═════ Task inputs ═════

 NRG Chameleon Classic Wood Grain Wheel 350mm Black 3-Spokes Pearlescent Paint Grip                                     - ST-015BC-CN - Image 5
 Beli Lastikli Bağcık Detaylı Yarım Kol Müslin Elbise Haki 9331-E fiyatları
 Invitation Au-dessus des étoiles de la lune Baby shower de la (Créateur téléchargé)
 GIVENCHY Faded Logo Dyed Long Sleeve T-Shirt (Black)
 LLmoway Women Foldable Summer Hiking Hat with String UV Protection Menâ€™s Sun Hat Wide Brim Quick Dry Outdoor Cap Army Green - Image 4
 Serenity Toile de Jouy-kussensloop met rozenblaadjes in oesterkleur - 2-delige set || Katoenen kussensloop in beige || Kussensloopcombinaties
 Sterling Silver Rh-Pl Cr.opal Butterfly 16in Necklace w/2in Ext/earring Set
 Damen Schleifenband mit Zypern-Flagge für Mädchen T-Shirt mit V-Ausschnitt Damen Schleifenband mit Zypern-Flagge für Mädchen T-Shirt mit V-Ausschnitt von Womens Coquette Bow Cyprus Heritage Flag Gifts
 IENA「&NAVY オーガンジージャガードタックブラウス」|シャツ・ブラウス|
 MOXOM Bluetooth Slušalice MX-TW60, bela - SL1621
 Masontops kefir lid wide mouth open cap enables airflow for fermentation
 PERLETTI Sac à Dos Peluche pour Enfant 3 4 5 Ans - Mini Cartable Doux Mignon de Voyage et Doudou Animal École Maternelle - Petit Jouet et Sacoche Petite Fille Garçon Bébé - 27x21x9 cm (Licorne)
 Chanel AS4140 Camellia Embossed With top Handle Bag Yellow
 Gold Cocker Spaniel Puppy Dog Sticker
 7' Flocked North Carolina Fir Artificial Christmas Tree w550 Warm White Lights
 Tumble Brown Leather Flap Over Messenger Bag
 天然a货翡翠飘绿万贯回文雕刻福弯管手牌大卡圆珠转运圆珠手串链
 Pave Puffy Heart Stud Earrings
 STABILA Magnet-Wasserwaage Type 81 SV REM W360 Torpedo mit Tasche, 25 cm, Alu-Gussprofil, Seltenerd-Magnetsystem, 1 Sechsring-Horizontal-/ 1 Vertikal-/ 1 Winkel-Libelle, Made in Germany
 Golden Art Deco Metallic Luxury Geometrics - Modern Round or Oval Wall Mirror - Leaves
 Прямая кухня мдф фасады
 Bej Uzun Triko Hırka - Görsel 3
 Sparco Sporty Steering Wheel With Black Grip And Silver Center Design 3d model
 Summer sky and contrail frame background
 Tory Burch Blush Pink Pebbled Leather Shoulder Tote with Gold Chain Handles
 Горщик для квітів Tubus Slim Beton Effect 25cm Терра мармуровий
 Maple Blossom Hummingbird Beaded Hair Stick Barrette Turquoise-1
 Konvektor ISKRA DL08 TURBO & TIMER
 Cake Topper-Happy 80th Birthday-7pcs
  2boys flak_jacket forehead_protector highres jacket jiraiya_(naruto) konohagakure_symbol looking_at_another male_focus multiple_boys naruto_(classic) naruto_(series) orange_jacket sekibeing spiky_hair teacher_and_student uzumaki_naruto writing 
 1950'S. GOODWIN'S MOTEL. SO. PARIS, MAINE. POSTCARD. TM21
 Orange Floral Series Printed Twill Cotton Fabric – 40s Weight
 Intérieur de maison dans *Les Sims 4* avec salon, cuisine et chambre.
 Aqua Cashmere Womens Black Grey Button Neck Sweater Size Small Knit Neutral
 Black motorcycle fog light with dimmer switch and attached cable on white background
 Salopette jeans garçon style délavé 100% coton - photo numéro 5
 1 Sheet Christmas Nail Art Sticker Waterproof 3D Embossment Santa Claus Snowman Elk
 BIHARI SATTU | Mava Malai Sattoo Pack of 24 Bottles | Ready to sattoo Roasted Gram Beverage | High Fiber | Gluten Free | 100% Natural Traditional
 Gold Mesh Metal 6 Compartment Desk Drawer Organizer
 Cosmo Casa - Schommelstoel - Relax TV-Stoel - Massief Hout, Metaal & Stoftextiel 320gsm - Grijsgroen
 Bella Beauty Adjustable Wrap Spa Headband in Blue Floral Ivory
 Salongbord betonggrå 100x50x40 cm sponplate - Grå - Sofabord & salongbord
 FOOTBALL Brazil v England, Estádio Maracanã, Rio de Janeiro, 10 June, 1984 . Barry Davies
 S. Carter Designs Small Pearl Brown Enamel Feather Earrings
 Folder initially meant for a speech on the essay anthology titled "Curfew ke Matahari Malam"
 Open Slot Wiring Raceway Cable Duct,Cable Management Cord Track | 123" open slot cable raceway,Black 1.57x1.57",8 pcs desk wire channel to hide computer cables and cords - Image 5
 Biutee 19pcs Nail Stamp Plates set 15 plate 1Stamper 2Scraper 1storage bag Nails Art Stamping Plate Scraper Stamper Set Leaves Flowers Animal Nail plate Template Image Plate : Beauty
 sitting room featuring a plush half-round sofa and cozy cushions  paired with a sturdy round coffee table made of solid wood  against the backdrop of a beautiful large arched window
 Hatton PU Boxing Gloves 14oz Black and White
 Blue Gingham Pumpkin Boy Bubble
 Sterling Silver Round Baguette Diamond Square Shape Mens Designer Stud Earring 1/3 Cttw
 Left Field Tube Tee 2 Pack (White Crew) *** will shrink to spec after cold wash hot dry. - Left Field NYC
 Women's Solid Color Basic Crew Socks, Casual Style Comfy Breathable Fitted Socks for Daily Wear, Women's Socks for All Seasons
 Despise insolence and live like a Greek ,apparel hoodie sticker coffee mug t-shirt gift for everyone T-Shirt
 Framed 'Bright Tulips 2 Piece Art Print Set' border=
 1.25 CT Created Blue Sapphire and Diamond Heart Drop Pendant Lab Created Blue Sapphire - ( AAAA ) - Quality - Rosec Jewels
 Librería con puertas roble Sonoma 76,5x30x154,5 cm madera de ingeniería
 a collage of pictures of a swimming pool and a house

═════

What lines of the data include the word "Small"? Copy each of them.

 Aqua Cashmere Womens Black Grey Button Neck Sweater Size Small Knit Neutral
 S. Carter Designs Small Pearl Brown Enamel Feather Earrings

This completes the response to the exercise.